Selang beberapa hari setelah pembentukan panitia tersebut, Hatta mengadakan sebuah apel besar di Lapangan Kantin (lapangan depan Makodim 0304/Agam, sekarang). Selaku Wakil Presiden RI, Hatta menyampaikan kepada masyarakat Minang tentang situasi negara saat itu sekaligus mengimbau rakyat mengulurkan tangan membantu perjuangan.
Tanpa pikir panjang, spontan orang-orang di sana terutama amai-amai (ibu-ibu) mendaftarkan diri untuk menyumbangkan semua perhiasan emas dan peraknya, berupa liontin, anting, kalung, gelang, bahkan cincin kawin mereka sumbangkan.
Bukan hanya di Bukittinggi dan Agam saja, sumbangan juga berasal dari tempat lain seperti Padang Panjang.
Dari hasil sumbangan itu, datanglah sebuah pesawat terbang buatan Inggris tipe Dakota dengan call sign RI-003 dari Lanud Maguwo Yogyakarta menuju Lanud Gadut, Agam. Melihat proses landing tersebut makin menggeloralah semangat perjuangan masyarakat Minangkabau.

Sementara, dikutip dari situs pahlawan center, Iswahyudi yang saat itu menjabat Komandan Pangkalan Udara Gadut, Bukittinggi juga punya peran. Pria kelahiran 15 Juli 1918 itu mengimbau masyarakat setempat untuk mengumpulkan uang guna membeli sebuah pesawat terbang.
Imbauan itu disambut baik masyarakat di Sumbar. Meski kondisi ekonomi saat itu cukup sulit, secara bergotong royong masyarakat Bukittinggi mengumpulkan uang dan harta benda mereka.
Dengan dana yang terkumpul ditukar dengan emas seberat 12 kilogram itulah dibeli sebuah pesawat terbang jenis Avro Anson dari seorang dari Keegan.
Hanya dalam tempo kurang dari dua bulan, emas sudah terkumpul sebanyak satu kaleng biskuit.

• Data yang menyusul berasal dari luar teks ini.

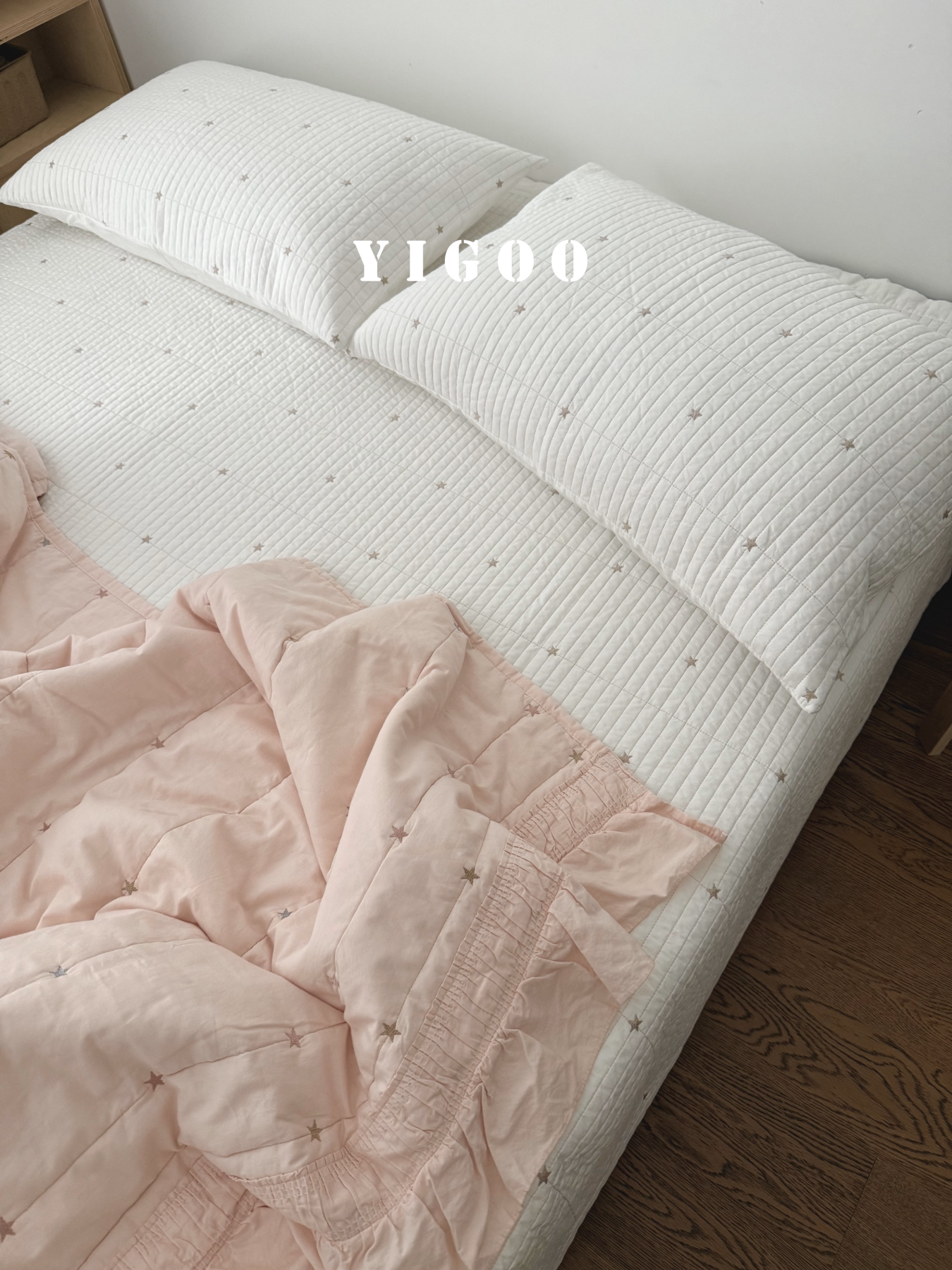 Корейский комплект постельного белья с вышивкой звездочек из хлопка три предмета с утолщенной простыней и всесезонным одеялом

Pada akhir November 1947, bertempat di kantornya Gedung Agung (kini Istana Bung Hatta), Wakil Presiden Bung Hatta menerima emas tersebut.
Emas perhiasan tersebut berasal dari sumbangan rakyat Sumatera Barat itu lalu dilebur dan dijadikan emas batangan dengan berat 14 kilogram (kg) dari tangan Ketua Majelis Pertahanan Rakyat Daerah (MPRD) Sumatera Barat, Chatib Sulaiman.

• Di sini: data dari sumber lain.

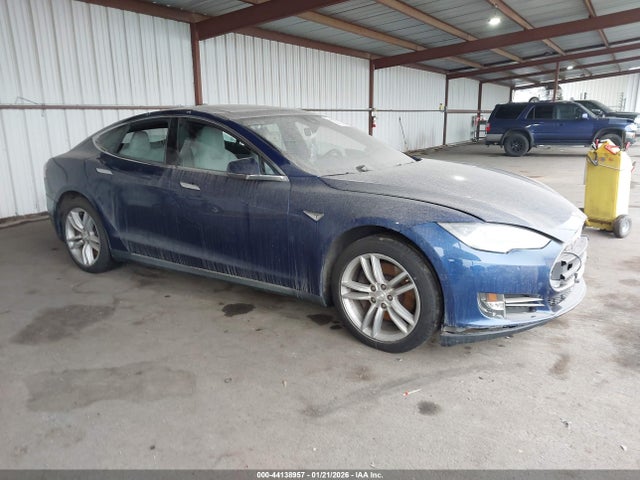 2016 TESLA MODEL S 5YJSA1E14GF129397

Wakil Presiden Bung Hatta lantas menugaskan seorang pembantu dekatnya, Aboe Bakar Loebis bersama timnya mencari kapal terbang untuk dibeli. Berkat bantuan dua staf Perwakilan RI di Singapura, kebetulan putra Minangkabau juga, Letnan Penerbang Mohammad Sidik Tamimi alias Dick Tamimi dan Ferdy Salim (putra Haji Agus Salim), didapat kapal terbang jenis Avro Anson di Thailand.

Sementara, dikutip dari TNI AU ada peran Halim Perdanakusuma di balik pembelian pesawat itu. Kala itu, tugas untuk membangun AURI di Sumatera dipercaya kepada Komodor Muda Udara Halim Perdanakusuma. Halim sangat dekat dengan Panglima Besar Jenderal Soedirman. Pendapat dan sarannya tentang Angkatan Udara sering diminta oleh Jenderal Soedirman.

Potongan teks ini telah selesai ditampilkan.